Al di là della vicenda Swisscom-Vodafone, la globalizzazione rende queste acquisizioni quasi normali anche se nei Paesi si reagisce diversamente, anche quando non sono in ballo settori strategici come appunto quello delle telecomunicazioni. In Italia l’atteggiamento varia dall’entusiasmo acritico per la globalizzazione, un patrimonio in genere della sinistra, al tifo per presunti campioni nazionali (un esempio la vicenda dalla fu Alitalia), che invece è uno schema di destra, passando per una sostanziale indifferenza. In ogni caso la parte del leone, per non dire del dragone, in Italia la fa la Cina, con quasi mille aziende italiane controllate da gruppi cinesi: non soltanto l’Inter degli Zhang, ma anche tanta industria. Il settore su cui i cinesi hanno investito di più in Italia è per distacco la chimica, anche se ovviamente a fare notizia è qualche brand di moda, come Krizia. Moda che come sempre ha anticipato tendenze, visto che già negli anni Novanta Fiorucci fu comprata dai giapponesi. Il fondo francese Kering ha acquistato Gucci, Bottega Veneta, Richard Ginori, Pomellato e Brioni, mentre sempre in Francia LVMH ha fatto shopping italiano con Bulgari, Loro Piana e Fendi. Ferrè è di un gruppo di Dubai. La Rinascente, uno dei simboli di Milano, è della thailandese Central Group of Companies. Versace è dell’americano Michael Kors. Infiniti i casi nel settore alimentare: la francese Lactalis ha comprato Galbani, Cademartori, Locatelli e Invernizzi, oltre alle attività ‘buone’ della Parmalat. La Unilever ha puntato sull’olio italiano (Bertolli, De Rica, Cirio), prima di cederlo alla spagnola Deoleo. I cioccolatini Pernigotti sono diventati di proprietà turca, e addirittura nemmeno la Birra Peroni, resa immortale (con tanto di rutto libero) da Fantozzi, è più italiana visto che è passata ai giapponesi di Asahi Breweries. Giapponesi attenti anche all’industria, avendo acquisito la Magneti Marelli, la Italcementi e la Ansaldo. Quanto all’auto, l’ex Gruppo FIAT non è di fatto più italiano dopo la fusione con Peugeot che ha dato vita a PSA, e la Lamborghini è ora tedesca, essendo passata alla Volkswagen. Un discorso a parte, per motivi di immagine, merita il calcio, dove tanta Serie A (Inter, Milan, Roma, Fiorentina, Bologna su tutti) è in mano a stranieri.

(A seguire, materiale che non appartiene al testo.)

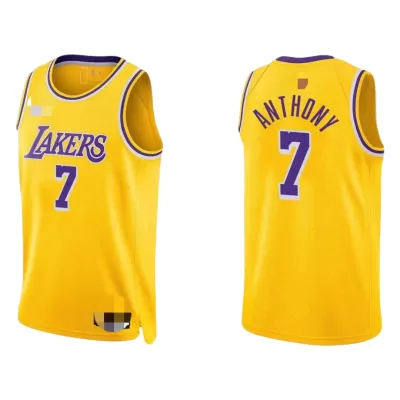 Men's Los Angeles Lakers Carmelo Anthony #7 Swingman NBA Jersey - Icon Edition 2021/22 - jerseystop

Quanta Svizzera c'è nel Belpaese?

Gli investimenti svizzeri in Italia partono da lontano, precisamente dal 1961, quando la Nestlé compra la Locatelli (rivenduta a Lactalis), per poi fare il grande colpo nel 1988, comprando la Buitoni che qualche anno prima era stata rilevata da Carlo De Benedetti. Poi la Perugina, la Vismara e tantissimi altri marchi, fino al colpo grosso del 1998 con l’acqua San Pellegrino e marchi collegati (Levissima, Panna e Recoaro su tutti). Per un certo periodo sono stati della Nestlé anche i marchi Motta e Alemagna. Del 1997 è l’acquisto della Caffarel da parte della Lindt & Sprungli, con tanto di polemica recente sul gianduiotto, del 2008 quello dell’Orzo Bimbo di una controllata della Novartis. Per tacere di Dufry entrata in Autogrill. Certo la madre di tutte le acquisizioni svizzere in Italia sarebbe stata quella di Alitalia da parte di Swissair: nel 2000 la firma era a un passo, poi si parlò di fusione e infine la compagnia di bandiera svizzera fallì, per rinascere poi come Swiss sotto il controllo di Lufthansa, cosa che del resto sta accadendo anche con ITA Airways, l’erede di Alitalia. Alla fine se così tante aziende si interessano all'Italia un motivo ci sarà: il Belpaese forse ne ha bisogno.